O resultado foi obtido por Aurora Kesseli, pesquisadora do NASA Exoplanet Science Institute no IPAC, centro de ciência e dados do Caltech. Kesseli e colaboradores usaram novas observações espectroscópicas feitas pelo Very Large Telescope do Observatório Europeu do Sul para medir a velocidade do planeta e estimar sua taxa de rotação.
CoRoT-2 b intriga cientistas desde 2018, o planeta é do tipo “Júpiter quente”, essa classificação agrega grandes planetas gasosos que orbitam suas estrelas muito de perto. O motivo é a localização de sua região mais quente: ao contrário de outros Júpiteres quentes, cujo ponto de maior temperatura aparece levemente deslocado na direção do movimento orbital, o ponto quente do planeta chamado CoRoT-2 está na direção oposta.

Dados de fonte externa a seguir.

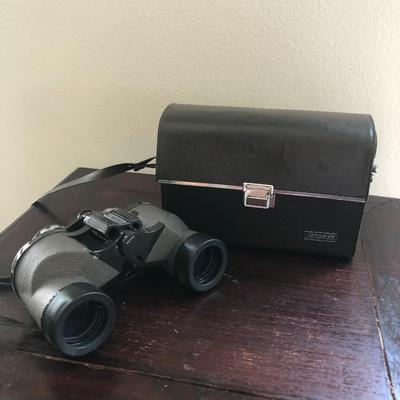 Binoculars with case super wide angle-604 ft at 1000 yards.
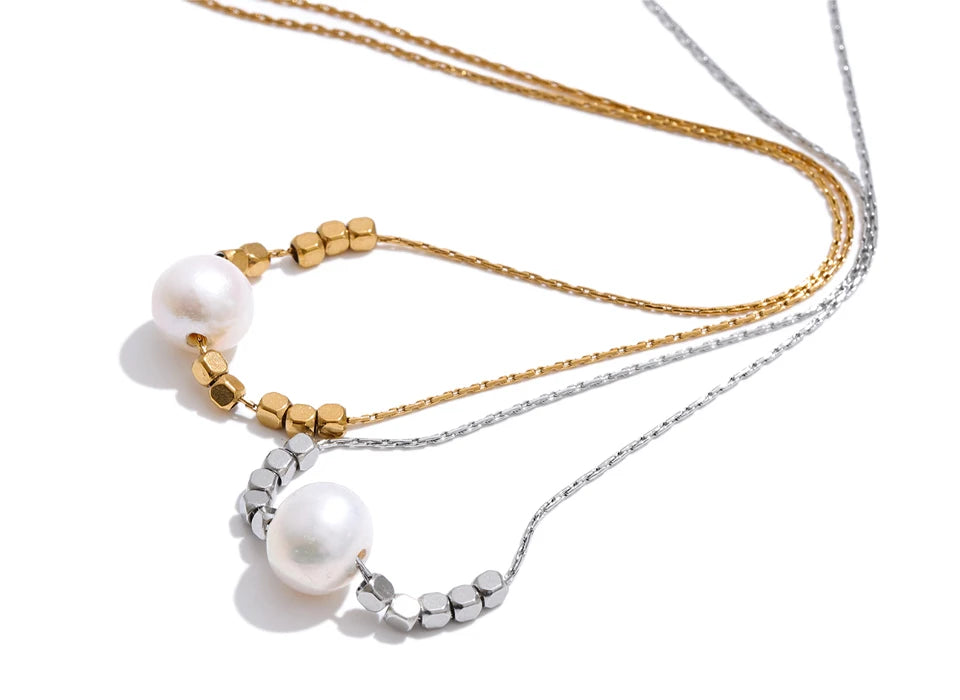 Freshwater pearl geometric necklace in gold-plated stainless steel with freshwater pearl.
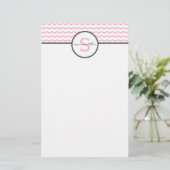 Roze Chevron Monogram Briefpapier (Staand voorkant)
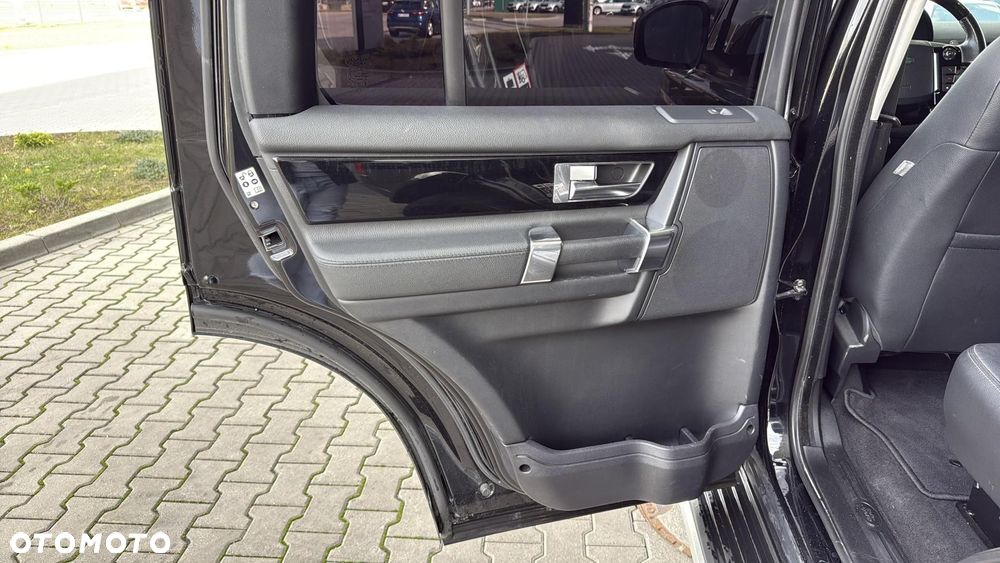 Land Rover Defender - 15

Pesquisas anteriores levantaram três hipóteses para explicar a anomalia: nuvens escondendo parte da atmosfera, campos magnéticos interferindo na distribuição de calor, ou uma rotação mais lenta do que o esperado. Os novos dados apontam para a terceira opção.

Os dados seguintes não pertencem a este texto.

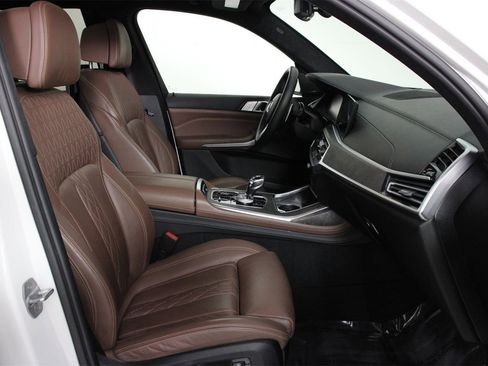 Used 2019 BMW X7 xDrive40i w/ Premium Package image 29
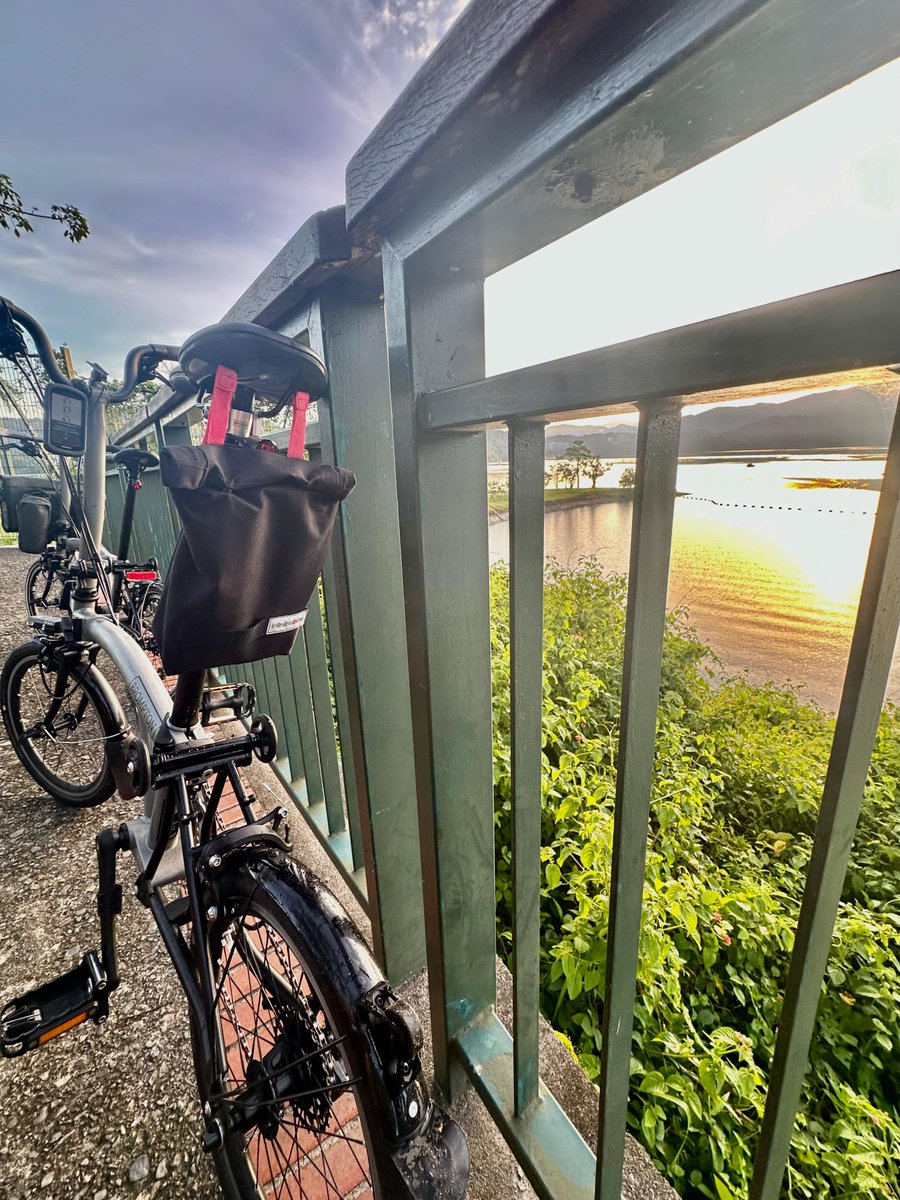 BIKEgangUK's tweet image. Ready to get in the saddle this weekend? Tag us with your MiniMODs 😎
_
See our range of upgrade solutions (including this saddle bag) here to enhance your ride experience: bikegang.company.site/MiniMODs-c1703…

Bike Gang Hut
_ 
#MiniMODs #Brompton #BromptonLife #BromptonMODs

Os pesquisadores ainda não sabem por que CoRoT-2 b rotaciona tão lentamente. Interações com sua estrela, processos internos do planeta ou outros fatores podem estar envolvidos. Mais observações serão necessárias para identificar a causa.

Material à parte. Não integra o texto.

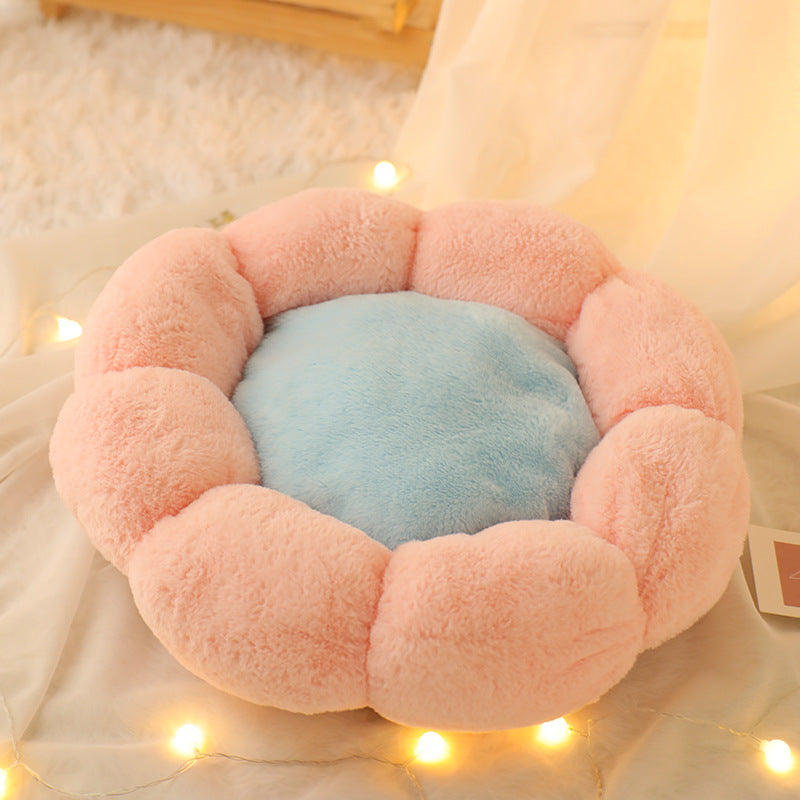 Cozy Autumn Winter Plus Velvet Thick Round Flower Cat Litter Kennel in gray, blue, and pink colors, featuring soft edges and a round flower design.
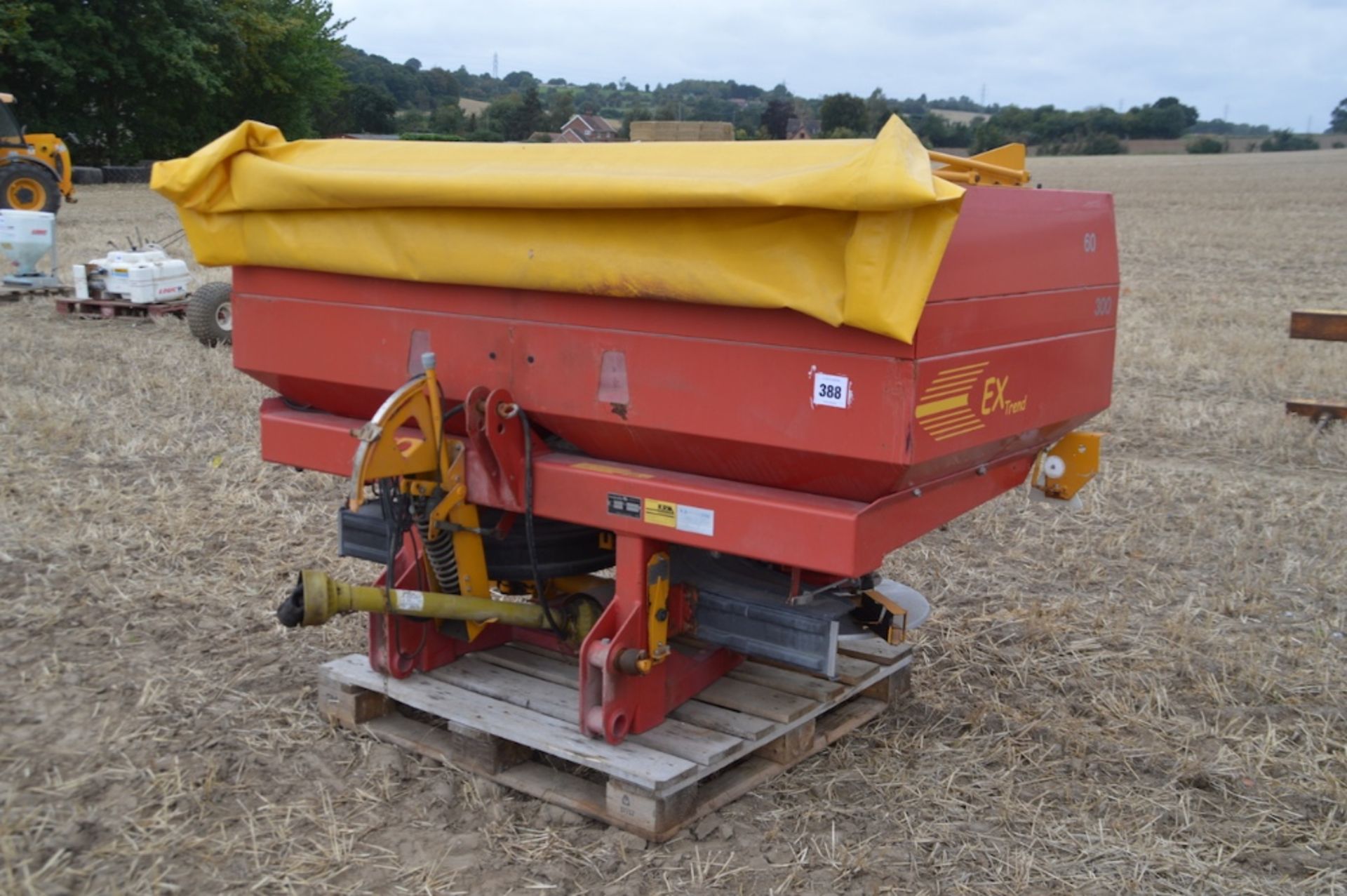 Boqballe EXT 24m twin disc fertiliser spreader. 2003. Serial number 4433.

Mais de 5 mil planetas já foram confirmados fora do sistema solar. Kesseli observou que padrões considerados universais frequentemente revelam exceções à medida que novos dados surgem.
“Agora podemos ver que um modelo único não funciona, mesmo para planetas que estudamos há muito tempo. Cada vez que olhamos para outro Júpiter quente, aprendemos algo novo para refinar nossos modelos, que são úteis para entender não só os Júpiteres quentes, mas todos os tipos de exoplanetas”, disse ela.
Astrônomos esperam que observatórios futuros ofereçam respostas mais precisas. O Habitable Worlds Observatory e o Extremely Large Telescope são citados como instrumentos que permitirão medições mais detalhadas de atmosferas de exoplanetas, incluindo ventos, temperaturas e, possivelmente, mundos com características mais próximas às da Terra.
“Com a próxima geração de telescópios, poderemos fazer medições mais aprofundadas em mais planetas, talvez até em potencialmente habitáveis”, disse Kesseli. A pesquisa foi apresentada na 248ª reunião da Sociedade Astronômica Americana (AAS).